An analysis of the expression of the SEZ6L gene showed different expression of SEZ6L in normal and NSCLC SCLC cell lines. Interestingly, we found that the two histologic types of lung cancer had different levels of expression of SEZ6L. The average expression signal in NSCLC was 7.0 ± 0.1 and in SCLC 8.8 ± 0.2 (Mann-Whitney U test, Z = 6.0; P < 0.001). It needs to be noted that there is an apparent inconsistency between the results of the analysis of the expression of SEZ6L and the results of the association studies. In the MDACC and United Kingdom samples, the variant allele (that was predicted to be protein disturbing based on analysis of the protein structure and evolutionary conservation) was associated with increased risk for lung cancer, suggesting that loss of normal SEZ6L function may be a risk factor for lung cancer. This is consistent with the finding that SEZ6L region is often deleted in lung cancer cell lines (18). On the other hand, we found that expression of SEZ6L is elevated in lung cancer cell lines. One explanation might be that SEZ6L is both a tumor marker and a variant affecting lung cancer susceptibility. Loss of normal SEZ6L function is a risk factor for development of lung cancer; however, when lung cancer is caused by factors other than loss-of-SEZ6L function, expression of the SEZ6L is adaptively up-regulated to suppress tumorigenesis.

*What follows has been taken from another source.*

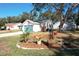 A cozy home's rear view features clean siding, well-kept lawn, and a blue garage door under a clear sky at 4800 Tara View Rd, Leesburg, FL 34748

Several lines of evidence support the hypothesis that SEZ6L might modulate lung cancer risk. First, frequent allelic losses on 22q in NSCLCs have been reported, indicating the presence of tumor suppressor gene(s) on that chromosome arm (18). Cloning of the breakpoints revealed a 400-kb deletion containing the SEZ6L and MYO18B genes (18, 27). A study conducted by Suzuki at al. (28) suggests that SEZ6L gene may also influence development and progression of colorectal cancer. The authors found that SEZ6L was one of the few genes highly hypermethylated in primary colorectal tumors.
In the pilot study, we populated the candidate region with 35 SNPs and found that markers located in the SEZ6L gene region show a strong association with lung cancer; however, no significant associations were found in the neighboring MYO18B gene. Applying a sliding window of five neighboring SNPs revealed a peak of –log10 (P values) that coincides with the position of the SEZ6L gene. We found that the principal contributor to the peak was rs663048. The association of this SNP with lung cancer risk was verified in two independent replication studies. The rs663048 SNP is a Met430Ile amino acid substitution that has been predicted to be functional by both SIFT and PolyPhen, suggesting that this amino acid substitution is protein disturbing.
Nishioka et al. (18) found that 95% (43 of 45) of primary tumor samples carry the Met430Ile mutation. The authors did not estimate the frequency of the variant in controls. We found that 38% of controls and 48% of cases carry at least one variant allele. This suggests that
40% of tumors may carry a somatic Met430Ile mutation. If we consider that according to the HapMap the frequency of the Met430Ile polymorphism is lower in Japanese than in Caucasians, the percentage of accumulated somatic Met430Ile may actually be higher.
We found that homozygotes for the variant allele had 3-fold higher lung cancer risk compared with the normal variant homozygotes. Lung cancer risk was also significantly elevated in heterozygotes. According to our estimates, the frequency of the variant allele for rs663048 is 22%, which is very similar to the 20% reported for Caucasians by the HapMap database. We found that 36% of Caucasian controls are hetorozygotes and
4% are homozygotes for the risk allele, making the portion of Caucasians having at least one risk allele
40%. Results from combined, Mantel-Haenszel, analysis yielded ORs of 1.15 [95% confidence interval (95% CI), 1.04–1.59] for heterozygotes and 3.32 (95% CI, 1.81–7.21) for homozygotes. The population attributable risk percentage [PAR% = (OR – 1) x P / [(OR – 1) x P + 1] x 100, where P is the risk genotype frequency in the controls] was 7.5 for homozygotes and 8.3 for heterozygotes, suggesting
16% of excess risk in lung cancer cases is due to the presence of the variant allele.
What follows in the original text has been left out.